Supreme Court seems divided in property rights dispute
WASHINGTON— A divided Supreme Court struggled on Monday over a property rights dispute that could make it tougher for state and local governments to limit development in coastal areas.
The case involves a family’s effort to sell part of its riverfront land in Wisconsin. The family planned to use the money from a vacant lot they own to pay for improvements on a cabin that sits on the parcel next door.
But county officials nixed the sale for violating local conservation rules and treated the lots as a single property that can’t be split up. The family says that’s unfair and claims the government should pay what the vacant parcel is worth — up to $400,000. The government argues that when viewed as a whole, the land remains quite valuable and the family is owed nothing.
The case has drawn interest from property rights and business groups that say such rules let the government avoid paying landowners for restricting land use. The Constitution requires compensation if government regulations take away a property’s economic value.
During a one-hour argument, the court’s four liberal justices seemed to side with state and local officials, while conservative justices were generally more skeptical. Justice Anthony Kennedy — often a swing vote in close cases — asked tough questions of both sides.

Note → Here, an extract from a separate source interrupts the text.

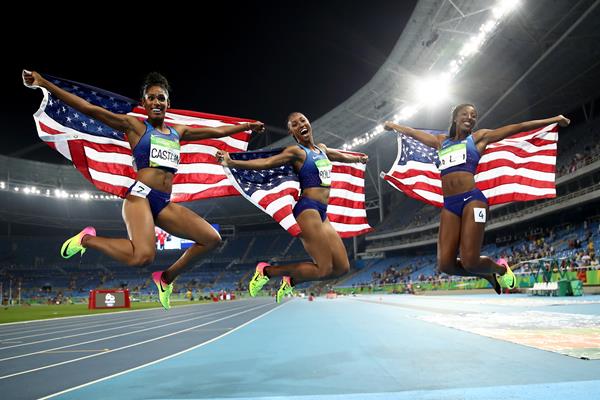 Bronze medallist Kristi Castlin, gold medallist Brianna Rollins and silver medallist Nia Ali after the 100m hurdles at the Rio 2016 Olympic Games (Getty Images)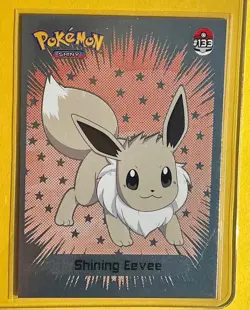 💥 Shiny EEVEE Pokemon Vintage Art CARD Metallic Foil Collectible Anime NM💥 - Image 1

More than 100 cities and counties across the U.S. have similar “merger” restrictions that treat two adjacent properties as one if they have the same owner.

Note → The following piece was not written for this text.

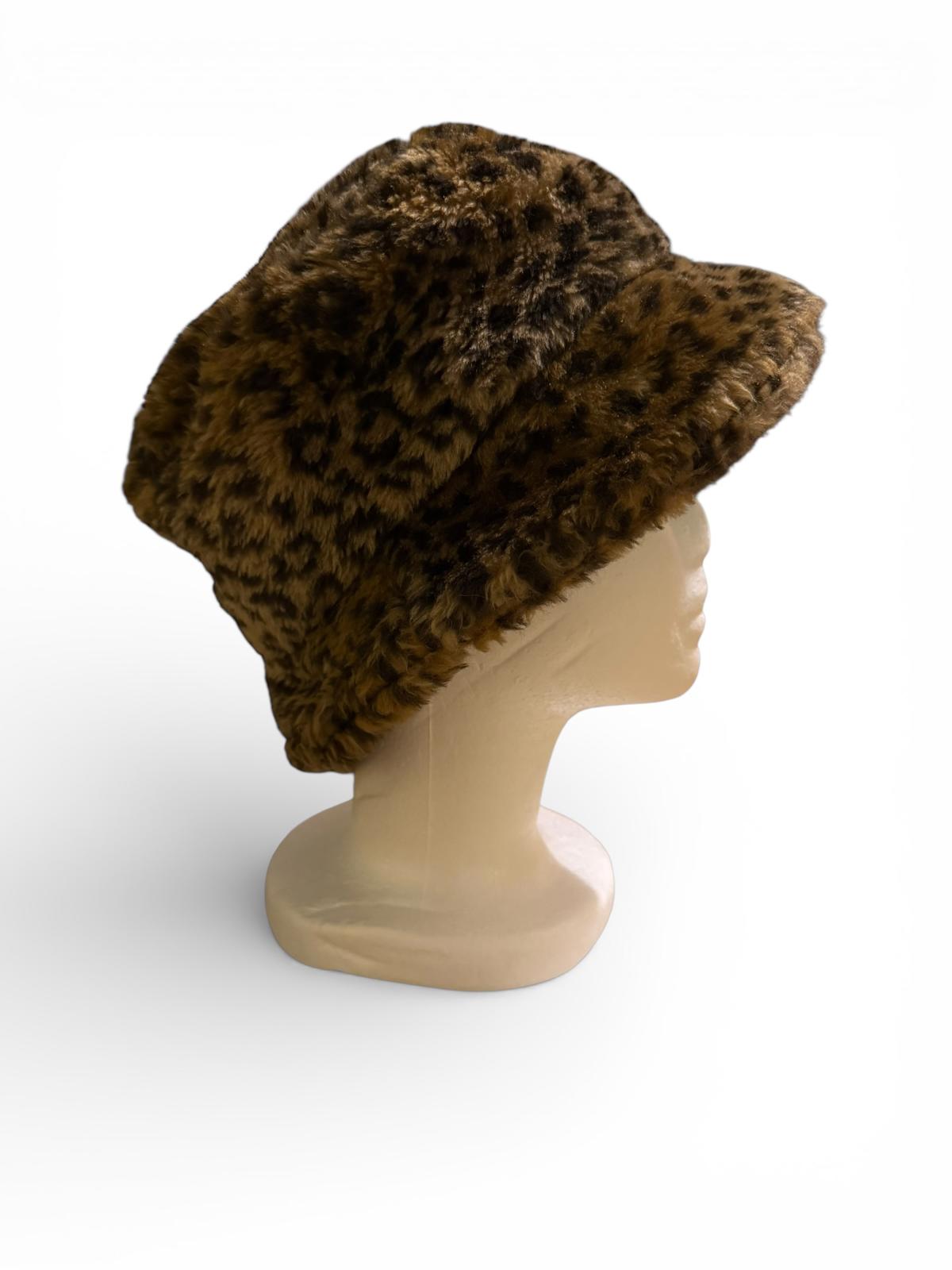 Faux Fur Leopard Print Bucket Hat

READ MORE: Justices to hear property rights dispute over family’s land
The Murrs’ lawyer, John Groen, told the justices the lots should be viewed as “independent, discrete, and separate parcels” because that is the way they were originally drawn up and have been taxed for years.

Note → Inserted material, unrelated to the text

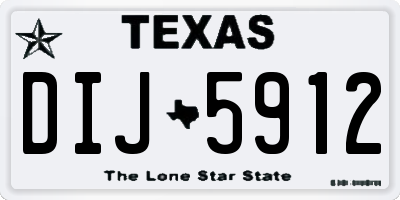 TX license plate DIJ5912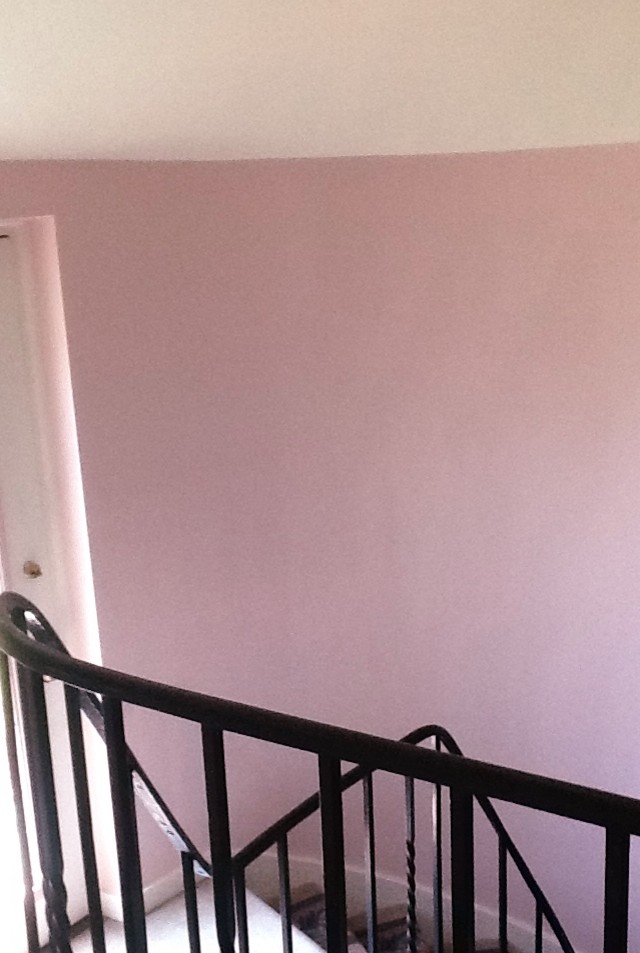Example of a small eclectic carpeted staircase design with pink walls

But Justice Elena Kagan said the Murrs seem to want to rely on state law as it originally drew up the property lines, but ignore revisions to the law that treat side-by-side lots as a single parcel if they have the same owner.
“If we’re looking to state law, let’s look to state law, the whole ball of wax,” Kagan said.
Wisconsin Solicitor General Misha Tseytlin argued that the two lots “have merged for all relevant purposes under state law.” He said state officials also considered as a factor the reasonable expectations of the property owners.
Chief Justice John Roberts said it seemed “a little quirky” that the Murrs are not allowed to treat the properties separately, but if they had purchased them under separate names they would be in “an entirely different situation.”
The case began in 2004, when four siblings in the Murr family wanted to sell a vacant lot on the banks of the St. Croix River to pay for improvements on a rustic cabin that sits on the parcel next door. Their father had purchased the two 1.25-acre lots separately in the 1960s and had paid taxes separately. The lots were later transferred to the Murr siblings in the 1990s.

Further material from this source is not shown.